● What to do:
Write out exactly the lines of the material below, beginning at the top and ending at the line that contains "GOTHICO Mirrored Remote".

[[ Records for this exercise open ]]

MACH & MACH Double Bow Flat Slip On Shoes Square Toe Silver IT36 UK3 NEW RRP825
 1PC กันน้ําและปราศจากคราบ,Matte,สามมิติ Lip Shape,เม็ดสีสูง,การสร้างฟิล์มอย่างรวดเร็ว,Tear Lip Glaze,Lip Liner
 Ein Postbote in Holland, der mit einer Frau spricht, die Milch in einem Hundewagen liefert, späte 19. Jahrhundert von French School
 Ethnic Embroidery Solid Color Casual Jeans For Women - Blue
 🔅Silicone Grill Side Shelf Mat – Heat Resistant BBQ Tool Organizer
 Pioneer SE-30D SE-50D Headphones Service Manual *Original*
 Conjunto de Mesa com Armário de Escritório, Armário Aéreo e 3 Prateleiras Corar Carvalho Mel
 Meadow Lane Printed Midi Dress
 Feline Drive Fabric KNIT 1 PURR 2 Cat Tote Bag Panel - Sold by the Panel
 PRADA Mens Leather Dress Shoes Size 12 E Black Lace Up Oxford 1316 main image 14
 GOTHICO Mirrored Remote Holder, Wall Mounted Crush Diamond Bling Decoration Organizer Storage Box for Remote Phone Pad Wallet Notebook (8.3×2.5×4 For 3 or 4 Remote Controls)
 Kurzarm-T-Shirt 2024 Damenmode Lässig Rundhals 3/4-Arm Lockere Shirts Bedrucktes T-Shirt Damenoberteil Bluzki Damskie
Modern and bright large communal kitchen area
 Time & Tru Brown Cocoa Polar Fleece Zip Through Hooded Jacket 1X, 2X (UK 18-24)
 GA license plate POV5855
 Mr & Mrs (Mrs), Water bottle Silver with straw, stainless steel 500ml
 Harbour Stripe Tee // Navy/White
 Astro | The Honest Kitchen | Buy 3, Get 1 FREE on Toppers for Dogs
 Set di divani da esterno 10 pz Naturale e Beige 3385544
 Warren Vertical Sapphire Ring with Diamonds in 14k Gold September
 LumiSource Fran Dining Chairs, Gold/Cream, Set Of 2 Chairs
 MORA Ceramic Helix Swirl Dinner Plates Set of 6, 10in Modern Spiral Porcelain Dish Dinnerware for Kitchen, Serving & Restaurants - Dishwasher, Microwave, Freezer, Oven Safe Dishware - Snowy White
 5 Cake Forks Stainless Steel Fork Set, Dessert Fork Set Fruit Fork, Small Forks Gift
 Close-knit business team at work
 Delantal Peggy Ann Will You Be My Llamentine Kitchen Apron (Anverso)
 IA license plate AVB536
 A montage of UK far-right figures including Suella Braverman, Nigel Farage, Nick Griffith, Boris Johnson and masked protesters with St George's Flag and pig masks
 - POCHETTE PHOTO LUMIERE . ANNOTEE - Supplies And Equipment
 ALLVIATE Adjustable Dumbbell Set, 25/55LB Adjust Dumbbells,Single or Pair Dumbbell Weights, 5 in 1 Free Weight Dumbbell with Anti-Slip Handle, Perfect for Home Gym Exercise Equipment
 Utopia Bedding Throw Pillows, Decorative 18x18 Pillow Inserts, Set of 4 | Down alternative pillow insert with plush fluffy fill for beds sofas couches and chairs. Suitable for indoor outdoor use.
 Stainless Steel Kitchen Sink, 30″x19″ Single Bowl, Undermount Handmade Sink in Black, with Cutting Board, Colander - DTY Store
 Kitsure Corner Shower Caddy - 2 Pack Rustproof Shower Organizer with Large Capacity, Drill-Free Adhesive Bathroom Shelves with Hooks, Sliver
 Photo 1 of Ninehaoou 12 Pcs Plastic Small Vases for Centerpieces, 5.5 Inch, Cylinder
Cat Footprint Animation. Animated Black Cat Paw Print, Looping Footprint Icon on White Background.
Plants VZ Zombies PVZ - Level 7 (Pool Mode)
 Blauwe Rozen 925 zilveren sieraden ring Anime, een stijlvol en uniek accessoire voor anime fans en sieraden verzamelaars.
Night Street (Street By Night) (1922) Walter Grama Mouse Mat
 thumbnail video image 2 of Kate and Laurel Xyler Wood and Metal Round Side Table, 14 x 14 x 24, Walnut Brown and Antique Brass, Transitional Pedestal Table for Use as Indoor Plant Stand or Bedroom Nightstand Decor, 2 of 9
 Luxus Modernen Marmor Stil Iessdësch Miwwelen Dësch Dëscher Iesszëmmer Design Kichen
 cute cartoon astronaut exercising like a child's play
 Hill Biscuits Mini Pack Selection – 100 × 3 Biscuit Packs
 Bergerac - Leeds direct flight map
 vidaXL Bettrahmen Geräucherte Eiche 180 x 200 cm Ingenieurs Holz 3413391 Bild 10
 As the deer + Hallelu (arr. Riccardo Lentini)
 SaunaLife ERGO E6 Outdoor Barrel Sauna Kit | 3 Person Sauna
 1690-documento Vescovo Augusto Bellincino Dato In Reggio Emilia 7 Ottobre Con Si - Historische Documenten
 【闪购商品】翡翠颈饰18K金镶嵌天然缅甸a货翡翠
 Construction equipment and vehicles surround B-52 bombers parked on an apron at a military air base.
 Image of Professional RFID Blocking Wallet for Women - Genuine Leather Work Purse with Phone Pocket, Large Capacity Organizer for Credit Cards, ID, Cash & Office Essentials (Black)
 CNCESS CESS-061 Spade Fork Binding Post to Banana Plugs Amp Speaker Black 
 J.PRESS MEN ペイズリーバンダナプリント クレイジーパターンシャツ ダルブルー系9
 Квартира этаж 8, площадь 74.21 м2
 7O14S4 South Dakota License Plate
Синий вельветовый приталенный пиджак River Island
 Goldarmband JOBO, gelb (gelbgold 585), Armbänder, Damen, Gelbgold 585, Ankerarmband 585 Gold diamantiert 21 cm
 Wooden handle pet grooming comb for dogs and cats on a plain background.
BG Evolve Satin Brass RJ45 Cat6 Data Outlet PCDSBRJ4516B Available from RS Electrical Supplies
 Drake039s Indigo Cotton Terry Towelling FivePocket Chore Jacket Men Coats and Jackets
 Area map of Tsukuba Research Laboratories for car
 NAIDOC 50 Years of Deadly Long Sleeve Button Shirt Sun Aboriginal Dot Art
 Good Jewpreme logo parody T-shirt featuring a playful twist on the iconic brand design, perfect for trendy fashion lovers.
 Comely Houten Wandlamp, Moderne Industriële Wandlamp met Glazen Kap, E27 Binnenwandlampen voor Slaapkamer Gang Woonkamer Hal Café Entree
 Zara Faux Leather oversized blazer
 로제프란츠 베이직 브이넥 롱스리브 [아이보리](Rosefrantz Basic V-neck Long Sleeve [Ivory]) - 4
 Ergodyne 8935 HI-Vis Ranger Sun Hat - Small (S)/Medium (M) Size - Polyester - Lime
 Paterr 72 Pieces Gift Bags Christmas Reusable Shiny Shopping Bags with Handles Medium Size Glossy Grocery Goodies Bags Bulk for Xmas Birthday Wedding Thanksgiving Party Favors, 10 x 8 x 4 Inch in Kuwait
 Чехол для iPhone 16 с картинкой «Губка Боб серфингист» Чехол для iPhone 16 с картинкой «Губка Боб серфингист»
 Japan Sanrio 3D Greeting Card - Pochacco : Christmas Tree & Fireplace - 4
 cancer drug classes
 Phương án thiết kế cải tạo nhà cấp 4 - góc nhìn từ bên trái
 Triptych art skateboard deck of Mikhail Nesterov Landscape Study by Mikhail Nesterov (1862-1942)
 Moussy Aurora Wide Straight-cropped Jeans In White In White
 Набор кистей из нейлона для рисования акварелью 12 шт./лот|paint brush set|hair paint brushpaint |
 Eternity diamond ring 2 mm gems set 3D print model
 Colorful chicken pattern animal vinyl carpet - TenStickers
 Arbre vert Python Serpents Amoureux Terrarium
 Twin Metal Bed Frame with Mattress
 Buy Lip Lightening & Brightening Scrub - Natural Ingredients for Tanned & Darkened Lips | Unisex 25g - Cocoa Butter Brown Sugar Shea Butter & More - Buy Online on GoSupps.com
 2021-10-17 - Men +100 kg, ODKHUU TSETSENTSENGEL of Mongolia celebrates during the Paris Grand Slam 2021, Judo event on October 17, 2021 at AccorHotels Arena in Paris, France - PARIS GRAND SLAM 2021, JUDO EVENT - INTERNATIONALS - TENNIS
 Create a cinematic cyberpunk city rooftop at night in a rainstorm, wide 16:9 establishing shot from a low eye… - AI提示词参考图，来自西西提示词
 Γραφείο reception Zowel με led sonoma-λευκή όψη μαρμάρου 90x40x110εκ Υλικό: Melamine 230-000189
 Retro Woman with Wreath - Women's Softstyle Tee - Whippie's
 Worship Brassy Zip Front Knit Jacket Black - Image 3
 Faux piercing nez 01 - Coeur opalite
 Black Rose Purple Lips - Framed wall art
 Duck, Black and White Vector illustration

[[ Records for this exercise closed ]]

● Result:
MACH & MACH Double Bow Flat Slip On Shoes Square Toe Silver IT36 UK3 NEW RRP825
 1PC กันน้ําและปราศจากคราบ,Matte,สามมิติ Lip Shape,เม็ดสีสูง,การสร้างฟิล์มอย่างรวดเร็ว,Tear Lip Glaze,Lip Liner
 Ein Postbote in Holland, der mit einer Frau spricht, die Milch in einem Hundewagen liefert, späte 19. Jahrhundert von French School
 Ethnic Embroidery Solid Color Casual Jeans For Women - Blue
 🔅Silicone Grill Side Shelf Mat – Heat Resistant BBQ Tool Organizer
 Pioneer SE-30D SE-50D Headphones Service Manual *Original*
 Conjunto de Mesa com Armário de Escritório, Armário Aéreo e 3 Prateleiras Corar Carvalho Mel
 Meadow Lane Printed Midi Dress
 Feline Drive Fabric KNIT 1 PURR 2 Cat Tote Bag Panel - Sold by the Panel
 PRADA Mens Leather Dress Shoes Size 12 E Black Lace Up Oxford 1316 main image 14
 GOTHICO Mirrored Remote Holder, Wall Mounted Crush Diamond Bling Decoration Organizer Storage Box for Remote Phone Pad Wallet Notebook (8.3×2.5×4 For 3 or 4 Remote Controls)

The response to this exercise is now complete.